Solution. Let $L$ be an infinite linear order. Let $(x_0,x_1,\dots)$ be a sequence in $L$. Define $F : [\omega]^2 \to \lbrace 0,1\rbrace$ by:$$ \begin{align*}
F(\lbrace n,m\rbrace) =
\begin{cases}
1, &\text{if $n > m \to x_n > x_m$} \\
0, &\text{otherwise}
\end{cases}
\end{align*}$$ By Ramsey's theorem, there exists an infinite homogeneous set $M \subseteq L$. It's easy to check that if $F$ is constantly $0$ on $M$, then $M$ has an infinite increasing sequence, and infinite decreasing otherwise.
$\square$
Exercise 9.2.
Solution. We may repeat the proof of Erdös-Rado Theorem, by changing all $\aleph_0$ to $\kappa$ (and $\aleph_1$ to $\kappa^+$). Note that $\exp_n(\aleph_0) = \beth_n$. At the same time, shall rewrite Jech's proof with more clarity and details.Step 1 - Prove for base case $n = 1$: Let $F : [(2^\kappa)^+]^2 \to \kappa$ be a partition, and we want to find a homogeneous $H \subseteq (2^\kappa)^+$ of size $\kappa^+$.
For each $a \in (2^\kappa)^+$, define $F : (2^\kappa)^+ - \lbrace a\rbrace \to \kappa$ by stipulating that:
$$ \begin{align*}
F_a(x) = F(\lbrace a,x\rbrace)
\end{align*}$$ Claim.. There exists a set $A \subseteq (2^\kappa)^+$ such that:
- $\vert A\vert = 2^\kappa$.
- For every $C \subseteq A$ of size $\leq\kappa$ and every $u \in (2^\kappa)^+ - C$, there exists $v \in A - C$ such that $F_v$ agrees with $F_u$ on $C$. That is, for every $x \in C$, $F_u(x) = F(\lbrace u,x\rbrace) = F(\lbrace v,x\rbrace) = F_v(x)$.
Proof. We construct an $\kappa^+$-sequence $A_0 \subseteq A_1 \subseteq \cdots \subseteq A_\alpha \subseteq \cdots$, $\alpha < \kappa^+$, $\vert A_\alpha\vert = 2^\kappa$ for all $\alpha$, as follows:
- $A_0 \subseteq (2^\kappa)^+$ is arbitrary with $\vert A_0\vert = 2^\kappa$.

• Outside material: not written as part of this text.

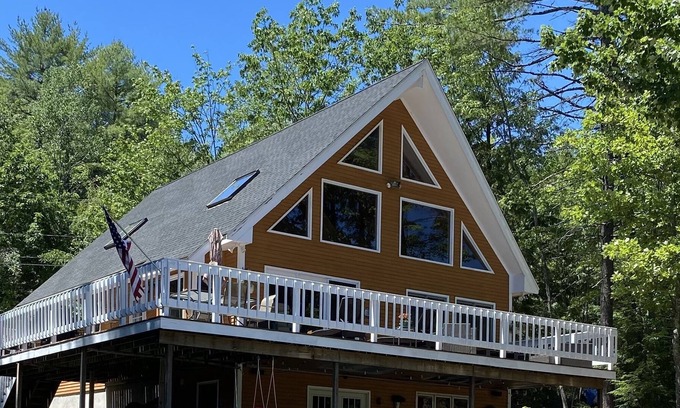 East Wakefield House | Beautiful year round waterfront lake house Belleau Lake East Wakefield NH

- If $\alpha$ is a limit ordinal, let $A_\alpha := \bigcup_{\beta < \alpha} A_\beta$.
- For successor case: Given $A_\alpha$, there are $\vert [A_\alpha]^{\leq\kappa}\vert = (2^\kappa)^{\leq\kappa} = 2^\kappa$ (by Lemma 5.7 and 5.8) many subsets $C \subseteq A_\alpha$ of size $\leq\kappa$. For each such $C$, there are only at most $2^\kappa$ many $C \to \kappa$ functions, we have:
$$ \begin{align*}
\vert \lbrace F_u\restrictedto C : u \in (2^\kappa)^+ - C\rbrace\vert \leq 2^\kappa
\end{align*}$$ Thus, we take $B_C \subseteq (2^\kappa)^+ - C$ such that $\vert B_C\vert \leq 2^\kappa$, and:
$$ \begin{align*}
\lbrace F_u\restrictedto C : u \in (2^\kappa)^+ - C\rbrace = \lbrace F_u\restrictedto C : u \in B_C\rbrace
\end{align*}$$ Now let:
$$ \begin{align*}
A_{\alpha+1} := \bigcup_{\substack{C \subseteq A \\ \vert C\vert = \kappa}} B_C \cup A_\alpha
\end{align*}$$
$\blacksquare$
With this $A$, we fix some $a \in (2^\kappa)^+ - A$. We now construct a sequence $\c{x_\alpha : \alpha < \kappa^+}$ as follows:
- Let $x_0$ be arbitrary.
- Let $C := \lbrace x_\beta : \beta < \alpha\rbrace$. Then let $x_\alpha$ be some $v \in A - C$ such that $F_v\restrictedto C = F_a\restrictedto C$.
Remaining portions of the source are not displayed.